• _DATA SHOWN_:
·····

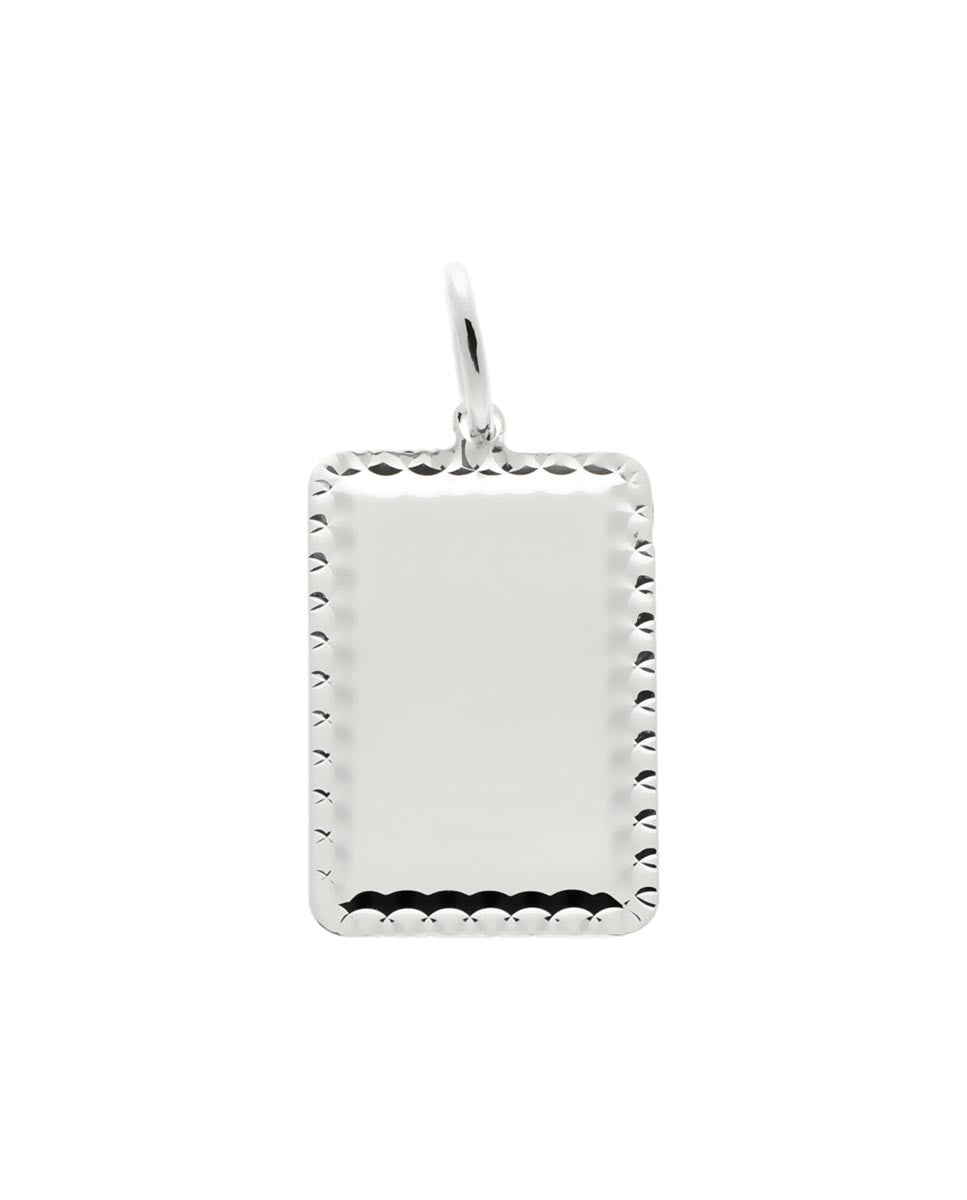 Colgante CHAPA 13X19 mm  con bordes , plata de ley 925 bañada en rodio  -02-6005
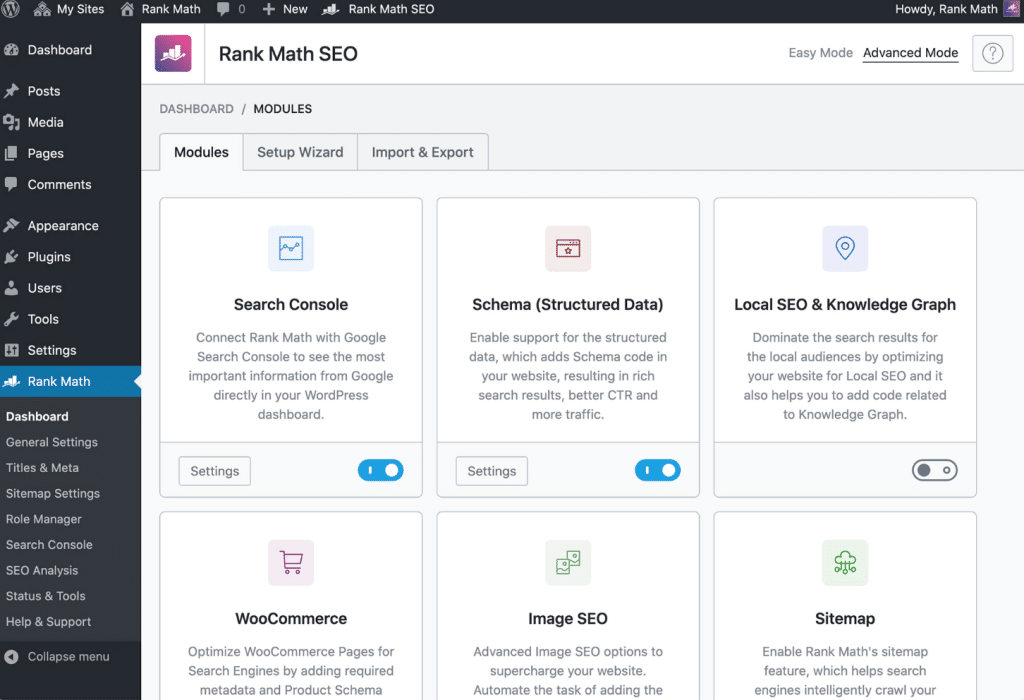 Cruscotto Rank Math SEO - Fonte: Rank Math SEO
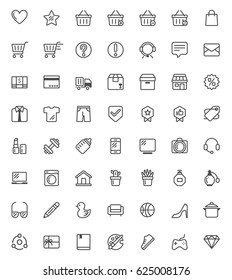 shopping vector  icon set with out line style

·····

• _WHAT YOU WILL DO_: Repeat each line of the material exactly, please, and skip every picture.

• _SOLUTION TO THIS TASK_:
 Colgante CHAPA 13X19 mm  con bordes , plata de ley 925 bañada en rodio  -02-6005
 Cruscotto Rank Math SEO - Fonte: Rank Math SEO
 shopping vector  icon set with out line style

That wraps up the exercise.